At 58, Tom Cruise is still center stage. On the set, in Hertfordshire, England, of his making of the movie, “Mission Impossible 7,” he supposedly got very upset. He cursed out members of the crew for allegedly breaking Covid-19 restrictions. The so-called, “ranting” episode, happened not once, but twice, according to published reports.
I was a little taken aback when I heard this story. Cruise is also a producer on this production. He’s doing double duty: acting and producing. I recall meeting him back in 1993.
It was in Washington, D.C., on the National Mall, at the Lincoln Memorial. Cruise was starring in the film, The Firm. I found him a perfect gentleman in every respect. He had no “airs” about him at all. However, this was before he became the “big star” that he is today.
The movie, The Firm, was based on a book by the crime novelist, John Grisham. Cruise had the lead role of Mitch McDeere in the flick. Gene Hackman and Hal Holbrook co-starred. The one and only Sydney Pollack, now deceased, directed.
This is not long after I joined the Screen Actors Guild. I was cast as a stand-in for Cruise. Stand-ins do just that. They “stand-in” for the principal actor until they are ready to officially shoot the scene.
It’s easy – just get out of the way, keep your mouth shut, until you are “called” to the set. In other words, the stand-ins help the photographers to light the set and the camera department to focus the scenes while the actors are absent.
Before the shooting began. I was instructed to take a seat on a cement bench just to the right of the Lincoln Memorial and above the steps leading up to it.
Behind me and to my right a trailer was parked. After a few minutes, Cruise came walking out of it and took a seat next to me. He was dressed in a suit with a white shirt and tie. I introduced myself and we chatted. I was a little surprised how “small” he was. I’m 5’8” and he looked like he could be maybe two or three inches shorter than me.
I told Cruise how much I admired him in the movie Born on the 4th of July. He liked hearing that message. I think that is the flick that proved Cruise had the makings of becoming a huge Hollywood star and that he could – “act!”

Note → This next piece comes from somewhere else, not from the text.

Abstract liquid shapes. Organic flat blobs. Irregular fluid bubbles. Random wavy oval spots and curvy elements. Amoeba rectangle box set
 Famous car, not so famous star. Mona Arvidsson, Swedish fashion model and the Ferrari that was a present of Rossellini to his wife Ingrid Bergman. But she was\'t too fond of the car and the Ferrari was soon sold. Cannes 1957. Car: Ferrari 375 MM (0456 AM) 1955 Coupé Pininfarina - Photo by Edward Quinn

In The Firm, Cruise played a young lawyer that finds out about the “sinister dark side” of his employer. The film did very well at the box office and it was another plus for Cruise’s career. This was before he launched the mega-popular “Mission Impossible” series.
The scene for The Firm was shot down by the reflective pool only a short distance from the memorial. It was a beautiful day. There wasn’t a lot of dialogue in the scene, but it took about three hours to shoot it.
The main reason for the scene’s length was that the director, Pollack, was a perfectionist. This was part of his M/O, and or method of operation. They just kept shooting it over and over. By the time they finally got done, I, as a stand-in, had memorized the entire scene! Not one word of dissent was heard from Cruise. He simply got himself ready for the next shoot.
Getting back to Cruise’s ranting binges on the set of MI:7. I think it’s difficult to make a movie under the best of circumstances. I’ve been in tons of films over the last 30 years and sometimes they don’t go as planned.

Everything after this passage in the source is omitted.